Data section:
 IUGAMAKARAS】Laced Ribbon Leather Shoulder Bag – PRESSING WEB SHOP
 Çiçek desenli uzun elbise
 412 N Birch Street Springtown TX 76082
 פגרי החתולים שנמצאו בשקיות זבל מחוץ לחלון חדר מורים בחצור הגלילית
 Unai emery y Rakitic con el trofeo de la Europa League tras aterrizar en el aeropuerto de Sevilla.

* * *

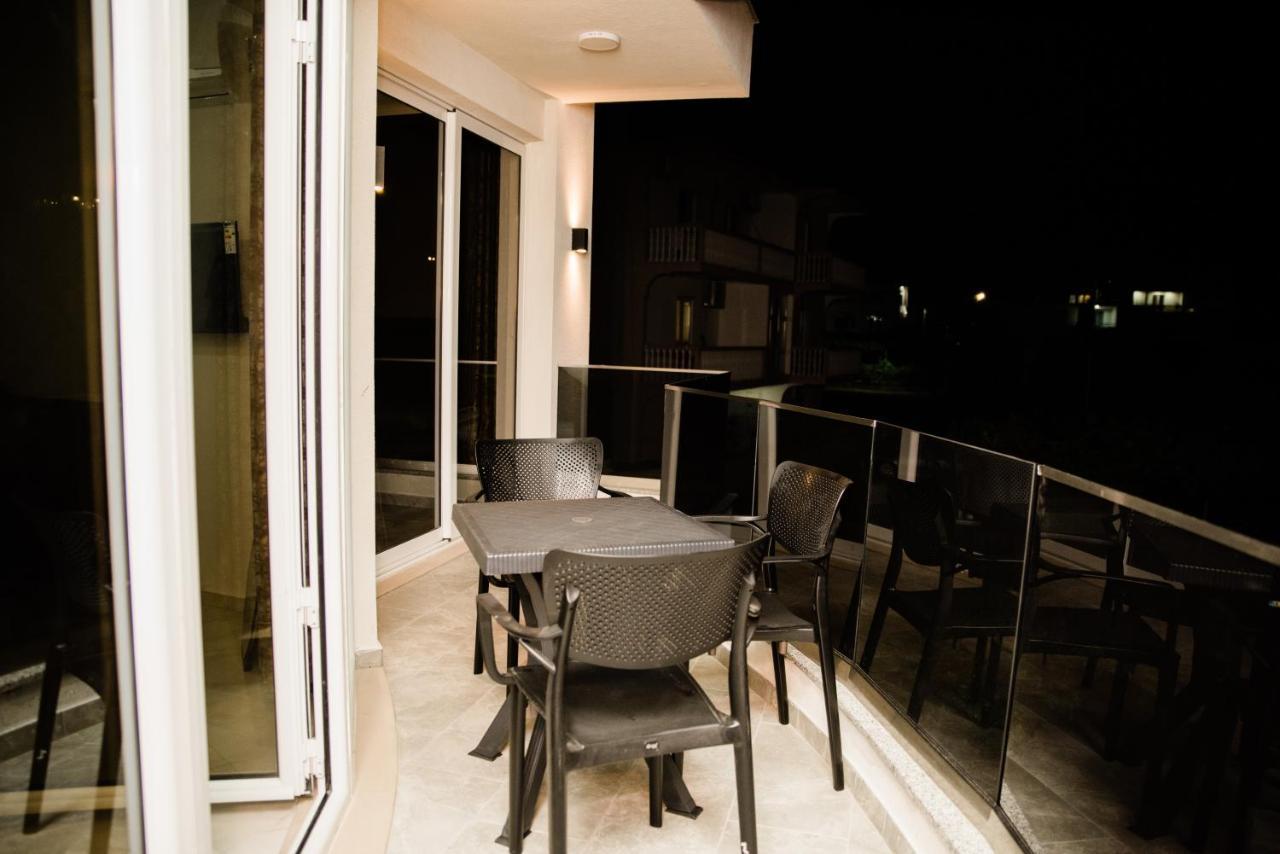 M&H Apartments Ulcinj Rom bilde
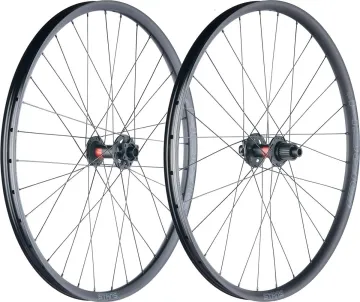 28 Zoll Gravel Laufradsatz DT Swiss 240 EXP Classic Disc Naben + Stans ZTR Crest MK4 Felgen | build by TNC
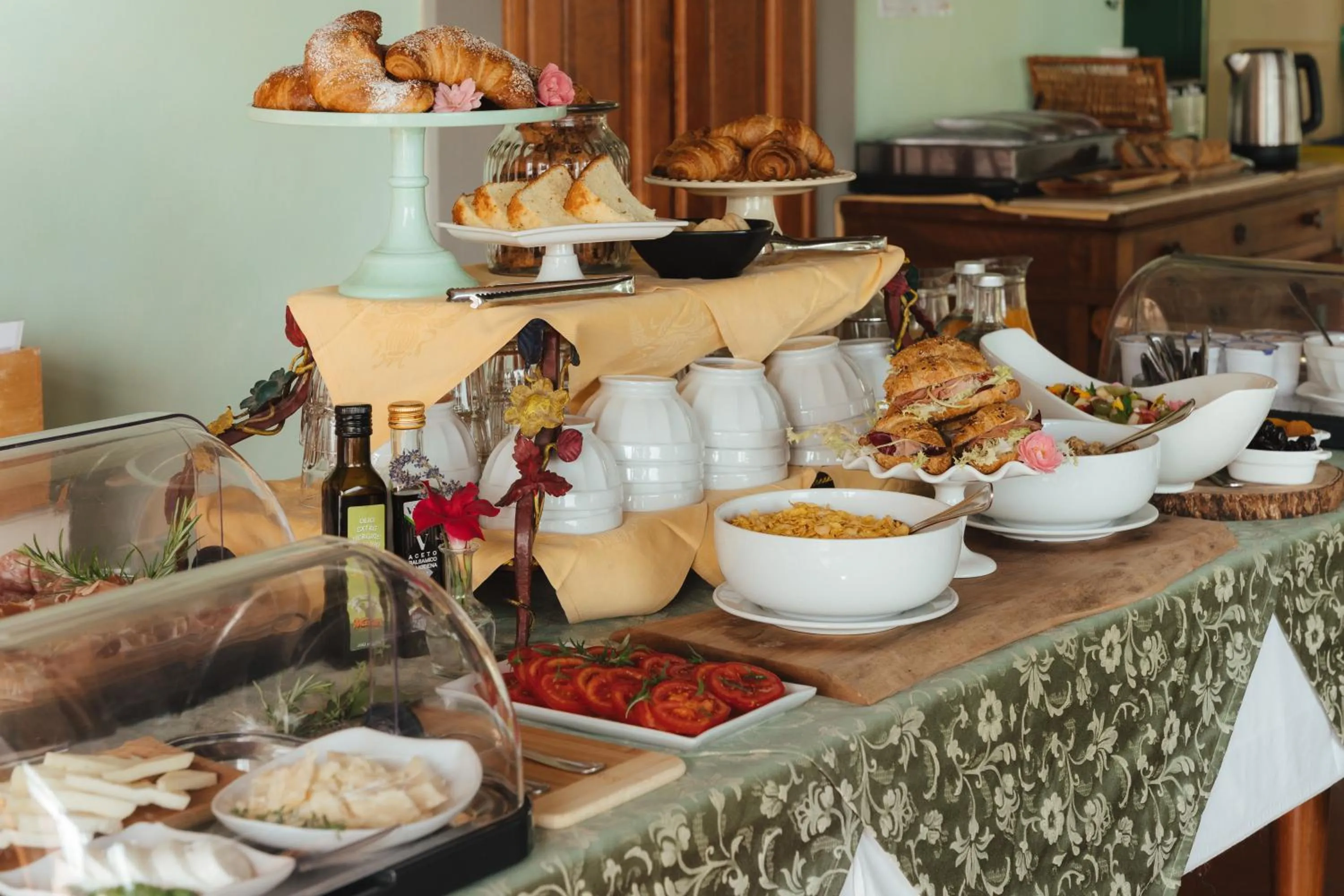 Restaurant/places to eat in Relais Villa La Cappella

...

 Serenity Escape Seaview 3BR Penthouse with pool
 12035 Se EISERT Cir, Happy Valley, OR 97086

What is required: Find where the line with "28 Zoll Gravel" sits in the material above and where the line with "Restaurant/places to eat" sits. Set down exactly the lines from the first to the second, both included and nothing else, without pictures.

Finished exercise:
 28 Zoll Gravel Laufradsatz DT Swiss 240 EXP Classic Disc Naben + Stans ZTR Crest MK4 Felgen | build by TNC
 Restaurant/places to eat in Relais Villa La Cappella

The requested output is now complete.